Accountability and Cost Efficiency Goals Amplified in Biden’s $6.9 Trillion Budget Proposal
This is just a wish list, as the administration still has to hammer out an agreement with a divided Congress.
President Biden unveiled his $6.9 trillion budget proposal for fiscal 2024 on Thursday that looks to ensure that the government is “equitable, effective and accountable,” as well as cut wasteful spending and further crack down on fraud.

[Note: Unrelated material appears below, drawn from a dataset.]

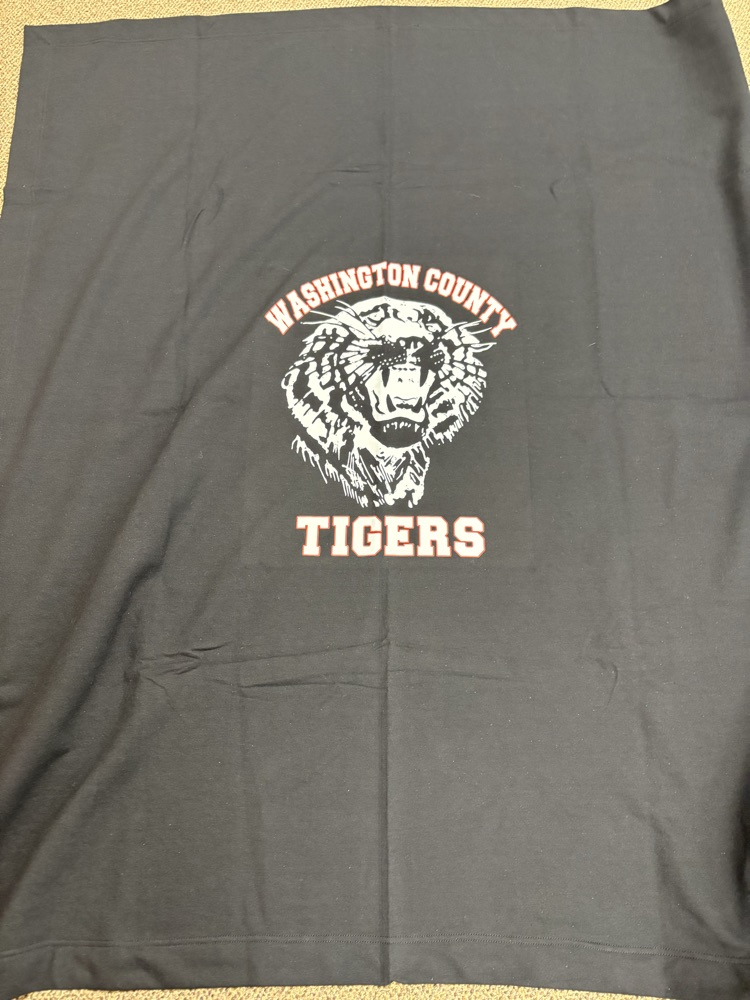 black blanket with retro tiger logo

Biden is proposing a total of $1.7 trillion in base discretionary funding, with an increase of 7.3% or $46.9 billion in non-defense discretionary spending from fiscal 2023 and a boost of 3.3%, or $28.1 billion in defense funding. However, if you count Veterans Affairs medical expenses in non-defense discretionary funding, which the White House started separating out last year, then the increase is 6.5%.

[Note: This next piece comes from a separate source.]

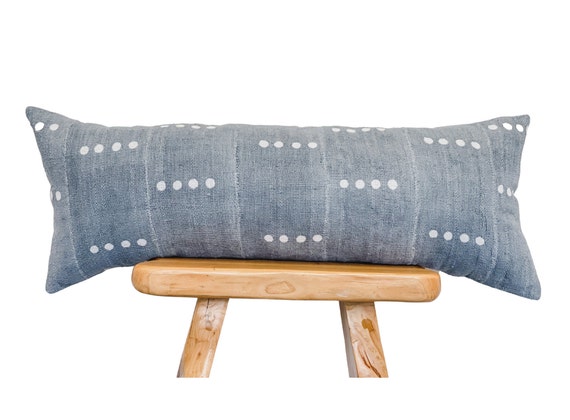 Extra Long Lumbar Pillow, African Pillow, Blue Grey Mudcloth Pillow, Bolster  Pillow Cover 14x36, Sofa Cushion Throw Pillow, Farmhouse Pillow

“It is time to finish the job, building on the ambitious progress we have made with new investments in America’s future,” President Biden wrote in his budget message to Congress. “My 2024 budget is a blue-collar blueprint to rebuild America in a fiscally responsible way that leaves no one behind.”
Like last year’s budget proposal, the president seeks to ensure there is an “equitable, effective and accountable government that delivers results for all,” and the proposal supports the implementation of the President’s Management Agenda, the budget documents read. Those goals include empowering the federal workforce, enhancing government customer service and harnessing federal buying power to advance the president’s goals.
Specifically, the budget seeks to further the administration’s goals of boosting “Made in America” policies, making the federal government a “model employer” and using the federal government’s purchasing power to “promote clean energy solutions and support American jobs while advancing equity.”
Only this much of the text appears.